SET client_min_messages TO DEBUG1;
To check the current level for client_min_messages, you can query:
SHOW client_min_messages;
The available levels are typically:
debug5
debug4
debug3
debug2
debug1
log
notice
warning
error
In TimescaleDB, background workers are essential for performing maintenance tasks like compression, continuous aggregate refreshes, and data retention. Occasionally, you might need to restart these workers to address specific issues, including the following:
Resolving locks on hypertables caused by stalled jobs
Refreshing processes that might be in an unexpected state
To restart the background workers, run the following query:
SELECT _timescaledb_functions.start_background_workers();
For TimescaleDB versions earlier than 2.12, use this query:
SELECT _timescaledb_internal.start_background_workers();
When you execute this query, the workers are stopped and restarted gracefully, sending a friendly SIGTERM
signal to ensure tasks are paused safely without disrupting normal operations.
And what if PostgreSQL stops? See how TimescaleDB solves the problem of PostgreSQL locks.
timescaledb_information.jobs is a system view in TimescaleDB that provides information about scheduled jobs.
You can see a list of all your currently registered jobs by querying the job scheduler like this:
tsdb=> SELECT * FROM timescaledb_information.jobs;
-[ RECORD 1 ]-----+----------------------------------------
job_id | 3
application_name | Job History Log Retention Policy [3]
schedule_interval | 1 mon
max_runtime | 01:00:00
max_retries | -1
retry_period | 01:00:00
proc_schema | _timescaledb_functions
proc_name | policy_job_stat_history_retention
owner | postgres
scheduled | t
fixed_schedule | t
config | {"drop_after": "1 month"}
next_start | 2024-12-01 00:00:00+00
initial_start | 2000-01-01 00:00:00+00
hypertable_schema |
hypertable_name |
check_schema | _timescaledb_functions
check_name | policy_job_stat_history_retention_check
First, get the job ID from timescaledb_information.
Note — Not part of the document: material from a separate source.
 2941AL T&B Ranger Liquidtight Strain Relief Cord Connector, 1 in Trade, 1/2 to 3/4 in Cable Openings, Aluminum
To turn off the automatic scheduling of a job where 1000 is your job ID, use this query:
SELECT alter_job(1000, scheduled => false);
And to completely delete the job, you can use the following:
SELECT delete_job(1234);
If you want to see what jobs are triggered by user-defined actions, you can use the following query:
SELECT * FROM timescaledb_information.jobs where application_name like 'User-Define%';
Use this query to retrieve job statistics for a specific hypertable named test_table
in TimescaleDB. It pulls details from the timescaledb_information.job_stats view, which stores metrics about scheduled jobs managed by TimescaleDB’s job scheduler.
SELECT job_id,
total_runs,
total_failures,
total_successe
FROM timescaledb_information.job_stats
WHERE hypertable_name = 'test_table';
The following query retrieves error details for jobs managed by the TimescaleDB job scheduler from the timescaledb_information.job_errors view. This view brings information about errors encountered during job execution, providing valuable insights for debugging and maintaining the job scheduling system.
SELECT job_id, proc_schema, proc_name, pid, sqlerrcode, err_message from timescaledb_information.job_errors ;
User-defined functions (UDFs) in PostgreSQL are powerful tools that allow you to create custom operations to enhance data processing capabilities. When combined with Timescale’s job scheduler, you can significantly improve the execution of these functions at specified time intervals. Additionally, by monitoring your queries, you can track various aspects of your jobs, ensuring optimal performance and reliability.